Button("Explain this",
       on_click=SendMessage("Explain {{ title }} in more detail."))
UpdateContext silently updates what the model knows without creating a visible message. The context is attached to the next conversation turn, so the model can reference it without the user needing to re-explain:
from prefab_ui.actions import ShowToast
from prefab_ui.actions.mcp import UpdateContext

Button(
    "Send to Chat",
    on_click=[
        UpdateContext(
            content="Selected item: {{ name }} ({{ category }})"
        ),
        ShowToast("Added to context", variant="success"),
    ],
)
UpdateContext depends on host support.

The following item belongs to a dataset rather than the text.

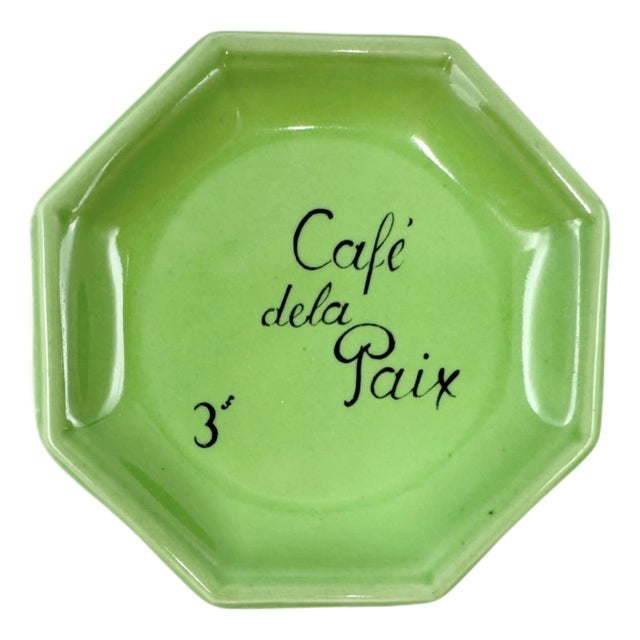 Vintage Cafe De La Paix Paris Green Ceramic Ashtray For Sale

The context is delivered to the host, but whether the model sees it depends on the host’s implementation of the MCP Apps ui/update-model-context method.

Tool Visibility

By default, all tools registered on your server are visible to the model — including helper tools meant only for UI interactions. When the model can see tools like search or delete_item, it may call them directly instead of letting the user interact through the UI. Use AppConfig(visibility=["app"]) to mark tools as app-only. These tools remain callable via CallTool from the UI, but the host should exclude them when presenting tools to the model:
from fastmcp.server.apps import AppConfig

@mcp.tool(app=True)
def browse() -> PrefabApp:
    """The entry point — visible to the model."""
    ...

@mcp.tool(app=AppConfig(visibility=["app"]))
def search(q: str = "") -> PrefabApp:
    """Called from the UI only — hidden from the model."""
    ...
The entry point tool uses app=True so the model can invoke it. Helper tools use AppConfig(visibility=["app"]) so they’re accessible to CallTool but won’t appear in the model’s tool list.
Tool visibility is metadata that the host is responsible for enforcing. The server returns all tools from tools/list regardless of visibility — the host filters based on the visibility field in the tool’s app metadata.

API Server vs FastMCP

Both use the same components and state model. The difference is transport:
FastMCPAPI Server
TransportMCP protocolHTTP (fetch)
Server actionCallToolFetch
Host actionsSendMessage, UpdateContext
HostingInside Claude Desktop, ChatGPT, etc.Standalone web page
RendererProvided by the MCP hostBundled in PrefabApp.html()
If you’re building an MCP server, use CallTool. If you’re building a web app, use Fetch. SendMessage and UpdateContext are MCP-only — they communicate with the host’s conversation, which doesn’t exist in standalone mode. The component tree and client-side actions are identical either way.

Example App

The examples/hitchhikers-guide directory contains a complete working MCP server — a Hitchhiker’s Guide catalog with search, dialog-based entry creation, inline deletion, and error handling. The same directory also contains a FastAPI version of the same app for comparison.